Russell McLendon   September 5, 2017

When two young black-tailed deer wandered onto a construction site in 2016, they probably didn’t realize how dangerously muddy the ground had become. They both got stuck in the mud, a predicament that could have easily been fatal — if an observant worker at the site hadn’t noticed them and swung into action.

“I wouldn’t have seen them if they hadn’t moved and caught my eye!” wrote Bill Davis, a native of Tacoma, Washington, who was checking on the property for his employer.

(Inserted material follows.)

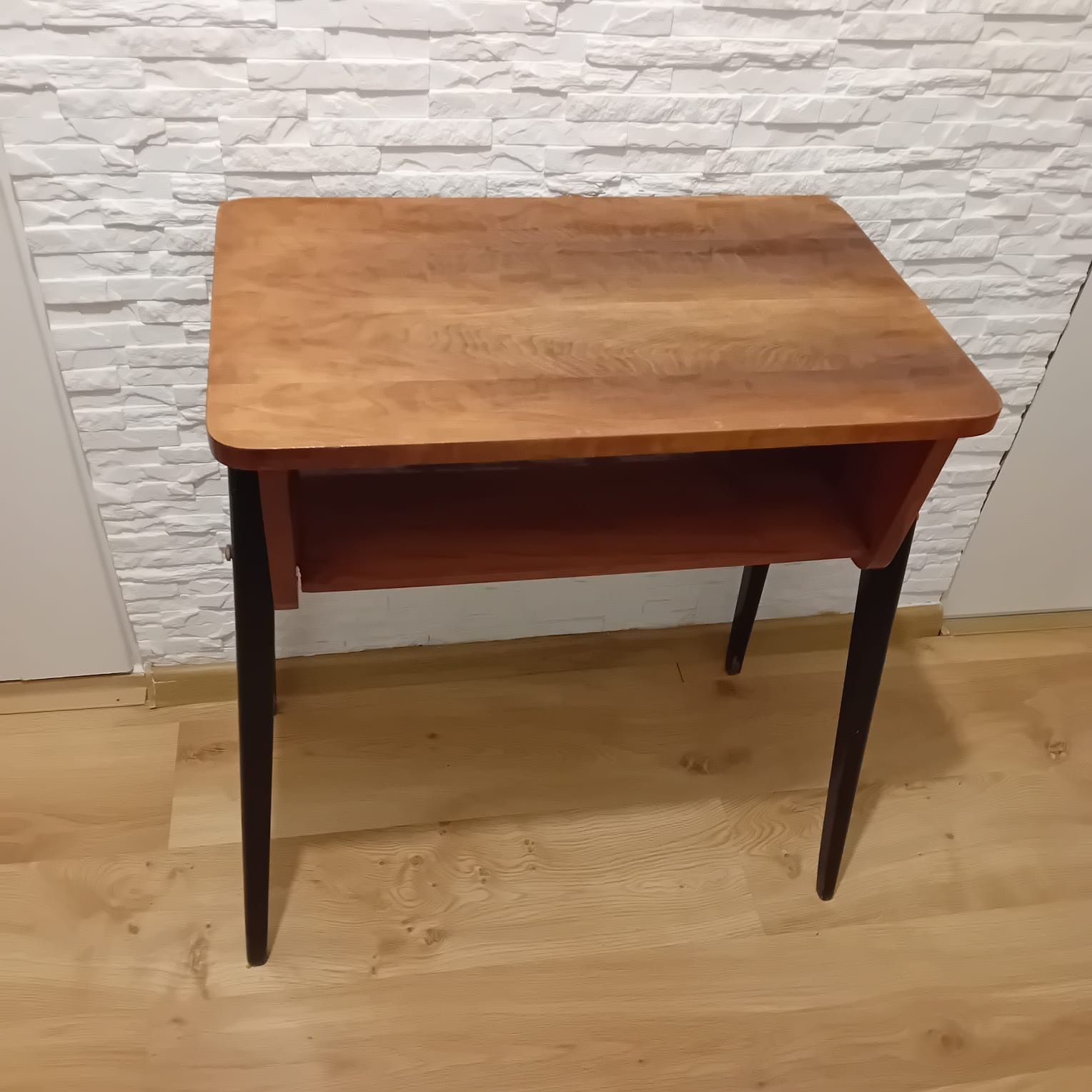 Stolik PRL pod radio, telewizor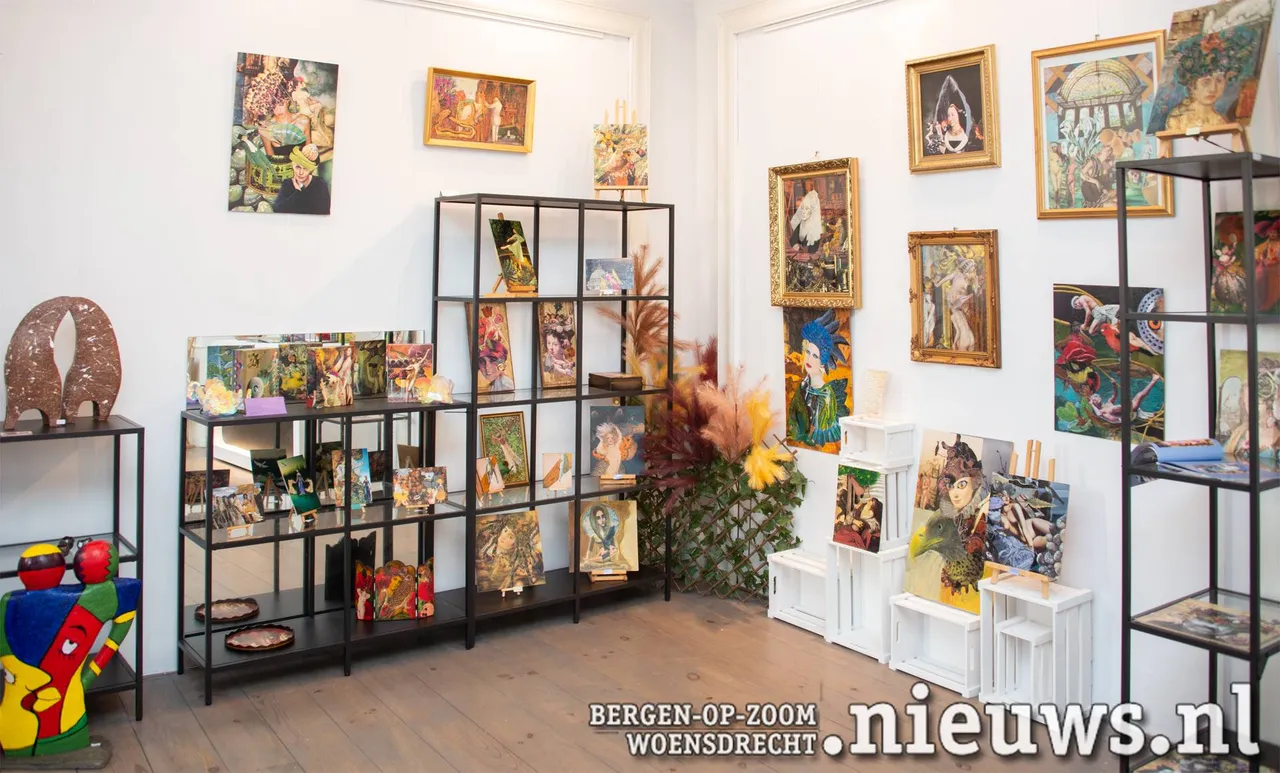 Collages door Karin van den Bos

When he realized the two yearling deer were stuck, he “orchestrated a rescue operation with his cellphone,” his son-in-law told GrindTV, by contacting a skilled excavator operator who might be able to pluck the helpless deer out of the mud.

Using an uncannily light touch for such a powerful piece of machinery, the operator managed to rescue both deer from the mud. Davis posted one of the rescues in the video above; the actual scooping up of the deer starts at about the 2:30 point.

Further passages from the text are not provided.